The Heartbleed Internet bug is still haunting websites worldwide, but it looks like public Wi-Fi is pretty safe.
That doesn't mean you should start banking on an open network -- that's still dangerous. However, you can connect your laptop or smartphone at most coffee shops, hotels and airports without worrying about hackers exploiting the Heartbleed bug on a Wi-Fi router to spy on you.
Most of the Wi-Fi devices used in public spaces are made by Cisco (CSCO)or Ruckus Wireles, (RKUS)and both companies say that hardware wasn't susceptible to the bug in security software.
The same thing goes for all Starbucks (SBUX)locations, as well as major airports like Denver International and Phoenix's Sky Harbor. None of them would specify what kind of equipment they use, citing security concerns. Las Vegas' McCarran International Airport said its wireless gear was vulnerable to the bug, but it updated its systems as soon as a fix was available.
Also safe: small businesses that use the same D-Link, Linksys and Netgear(NTGR) routers we use from home. None of those companies' Wi-Fi devices were affected either.
Because Ruckus provides the wireless routers for several hotel chains and shops, many of the following locations are safe too:
Le Pain Quotidien
Consumers can breathe a sigh of relief. But that doesn't mean they should dismiss Heartbleed entirely. Servers at work could still be affected. And many computer systems rely on older hardware that might never be patched. A weakness somewhere is essentially a weakness anywhere. That's why security experts say you'll have to stay on your guard for weeks and months to come.
Change passwords often. Don't visit strange websites.
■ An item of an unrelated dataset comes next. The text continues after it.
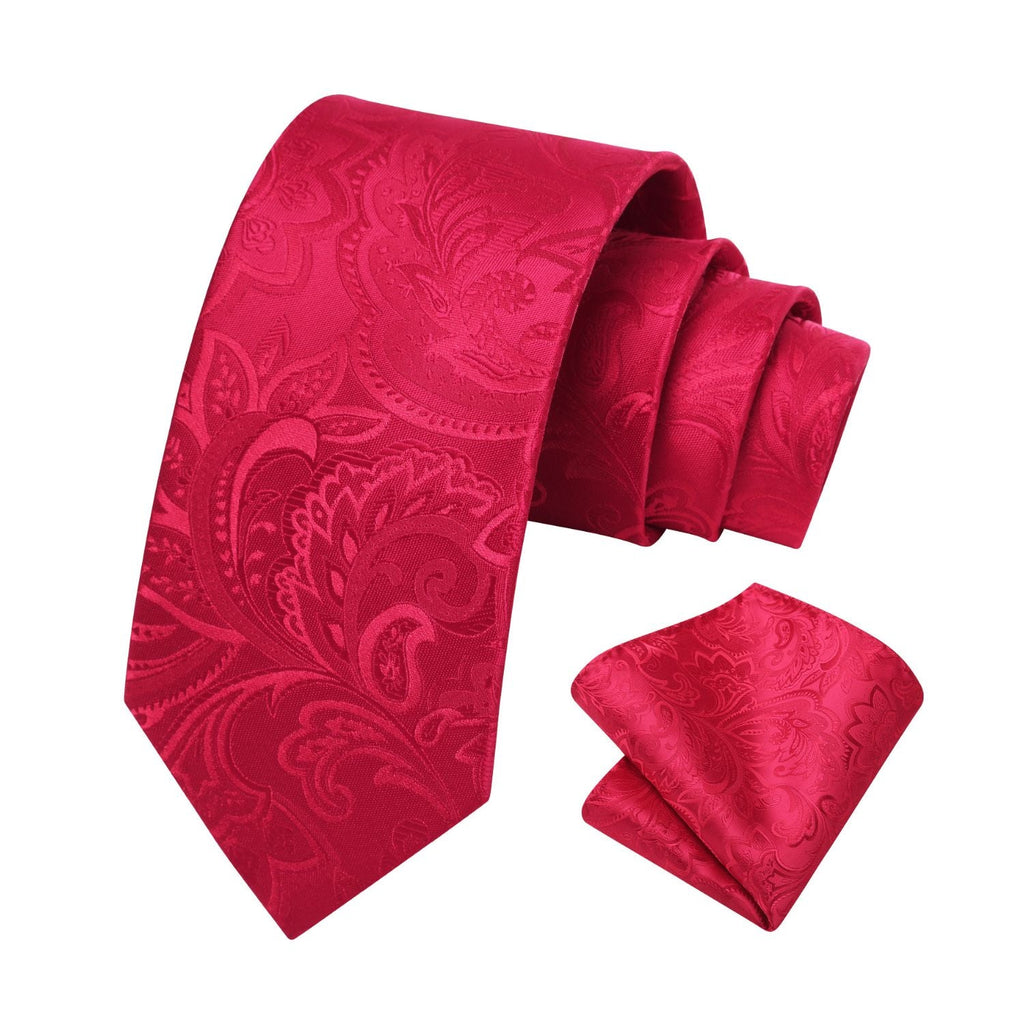 Floral 3.4 inch Tie Handkerchief Set - 10-RED PAISLEY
And whenever possible, use a Heartbleed checker to see if a website still vulnerable to the bug.
Still, it's a smart bet to assume your online communication isn't secure unless a website specifically states it patched its systems for Heartbleed. Just about everything you do online -- email, social media, banking -- is still at risk. The Heartbleed bug affects gadgets everywhere. Companies are still updating firmware for their devices. Two weeks ago, there were still 150 million vulnerable apps running on Android smartphones, according to cybersecurity provider FireEye.